Yemen's five-day ceasefire backed
Yemen's Shiite rebels and their allies in the country's armed forces have said they would accept a five-day humanitarian ceasefire to allow aid to reach civilians after more than a month of daily Saudi-led airstrikes.
The ceasefire, scheduled to begin Tuesday, would help ease the suffering of civilians who increasingly lack food, fuel and medicine since the bombing campaign began on March 26.
However, all sides in a conflict that has seen the exile of president Abed Rabbo Mansour Hadi have warned they will retaliate if the ceasefire is broken.
Col Sharaf Ghalib Luqman was quoted as saying rebels in the armed forces agreed with the ceasefire, warning against any violation of the truce. The Houthis earlier issued their own statement saying they will cooperate with the ceasefire.

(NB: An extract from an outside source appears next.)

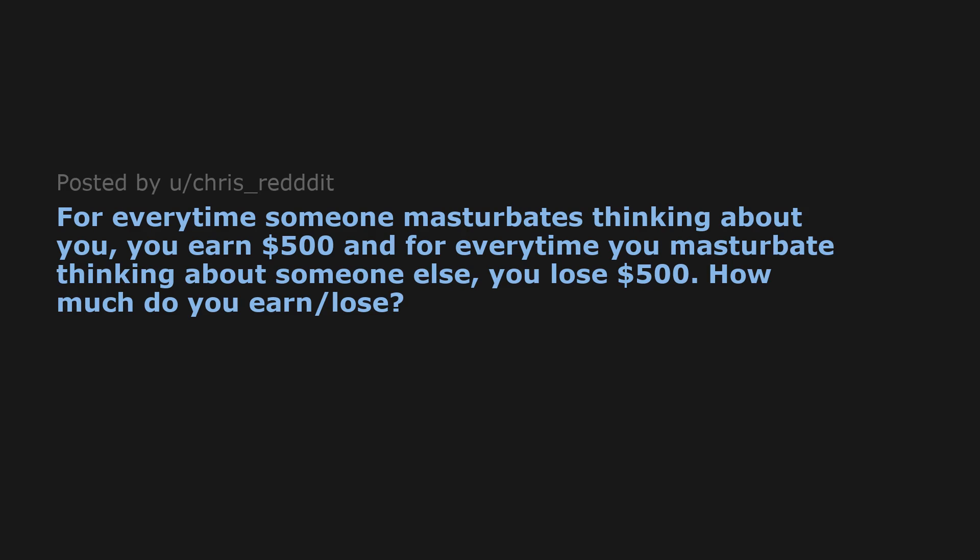For every time someone masturbates thinking about you, you earn $500, and for every time you masturbate thinking about someone else, you lose $500. How much do you earn slash lose?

On Saturday, the Saudi-led coalition's spokesman, Ahmed Ali Asiri, also warned that the ceasefire will be cancelled if the rebels violated it.
Meanwhile, Saudi-led strikes have continued in Yemen, with a residence of former president Ali Abdullah Saleh in the capital, Sanaa, reportedly hit.
The conflict in Yemen has killed more than 1,400 people since March 19, according to the United Nations.